PROVIDED DATA
'''
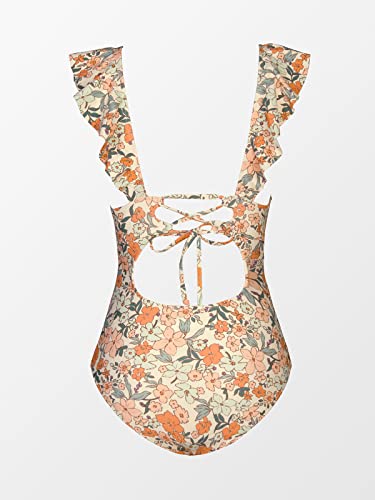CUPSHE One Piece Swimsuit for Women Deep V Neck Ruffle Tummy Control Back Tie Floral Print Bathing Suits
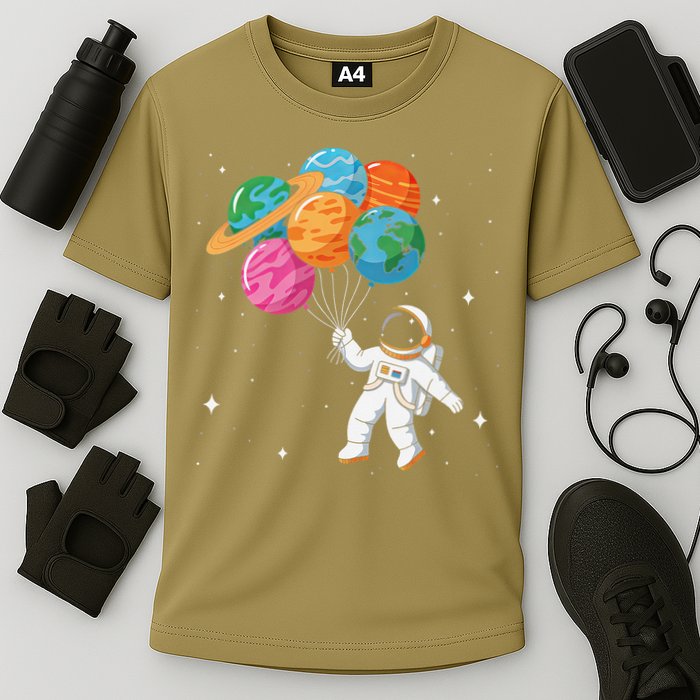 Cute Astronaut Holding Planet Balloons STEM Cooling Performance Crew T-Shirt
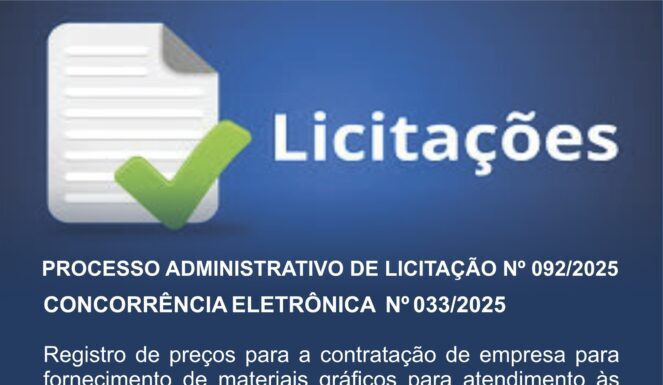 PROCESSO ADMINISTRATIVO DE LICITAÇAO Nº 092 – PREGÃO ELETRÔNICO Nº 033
'''
'''
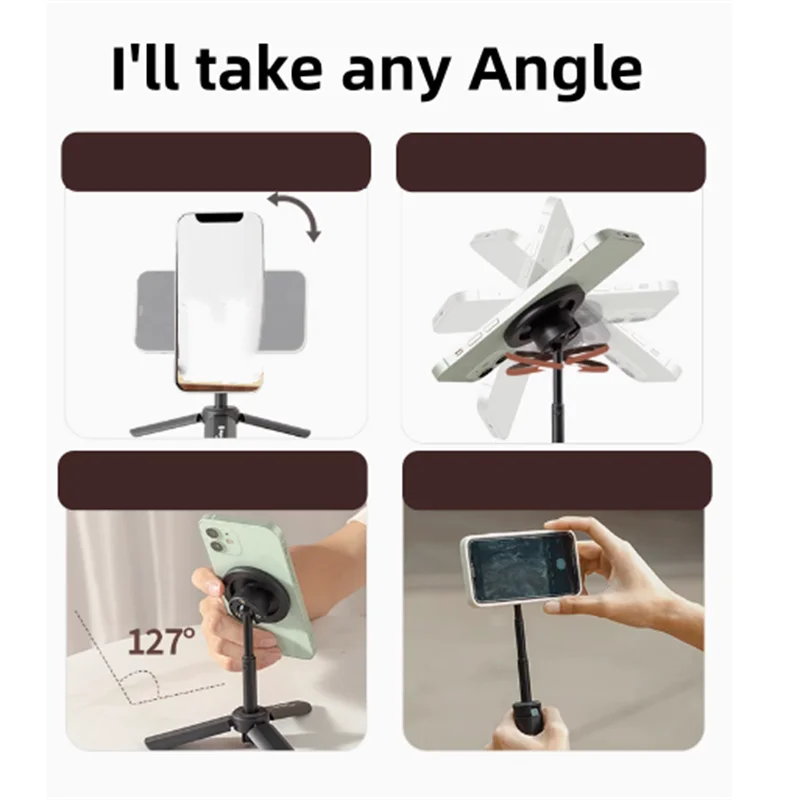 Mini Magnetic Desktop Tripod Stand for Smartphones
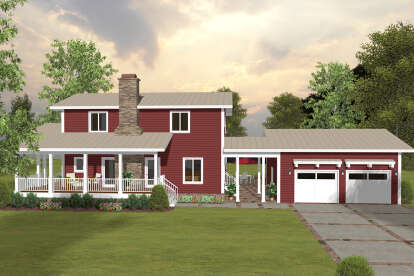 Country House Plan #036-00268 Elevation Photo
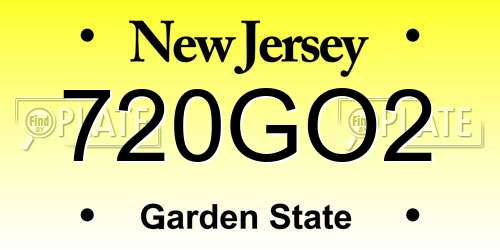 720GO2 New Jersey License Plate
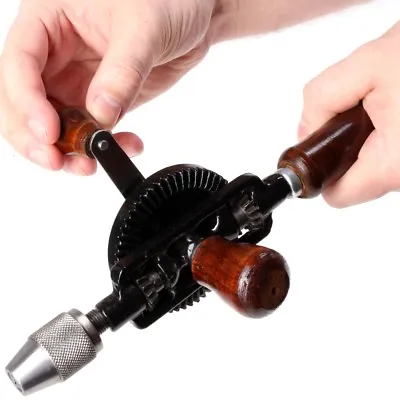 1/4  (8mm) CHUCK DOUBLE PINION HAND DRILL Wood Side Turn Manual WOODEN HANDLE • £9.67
'''
'''
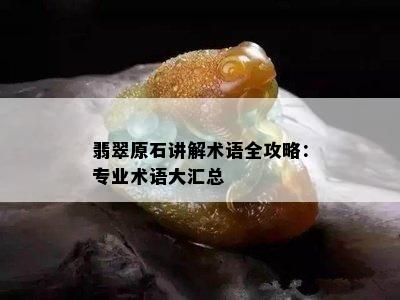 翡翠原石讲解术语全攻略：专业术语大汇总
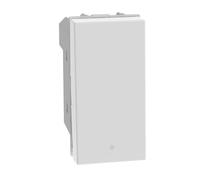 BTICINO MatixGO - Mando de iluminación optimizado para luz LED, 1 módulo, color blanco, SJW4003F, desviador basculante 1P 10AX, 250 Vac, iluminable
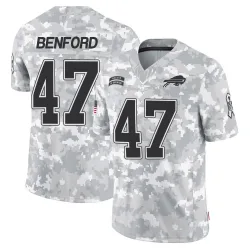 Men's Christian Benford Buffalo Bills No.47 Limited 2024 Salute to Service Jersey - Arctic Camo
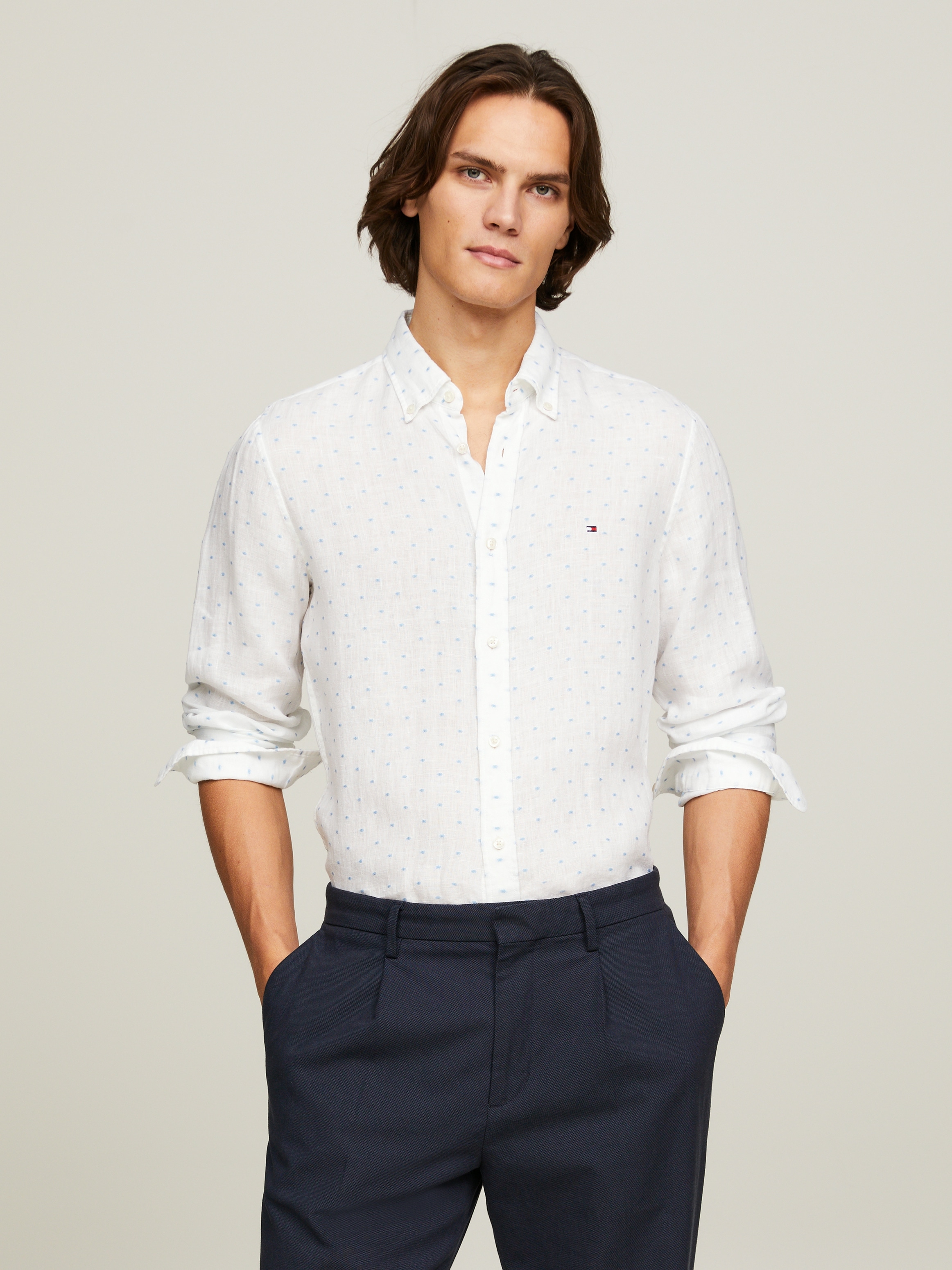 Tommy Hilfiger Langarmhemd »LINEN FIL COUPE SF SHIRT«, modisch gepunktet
'''
Only one stretch of the listing above is to be duplicated: the lines from the one containing "Country House Plan" through the one containing "HANDLE • £9.67", both included. Copy them exactly, minus the pictures.

 Country House Plan #036-00268 Elevation Photo
 720GO2 New Jersey License Plate
 1/4  (8mm) CHUCK DOUBLE PINION HAND DRILL Wood Side Turn Manual WOODEN HANDLE • £9.67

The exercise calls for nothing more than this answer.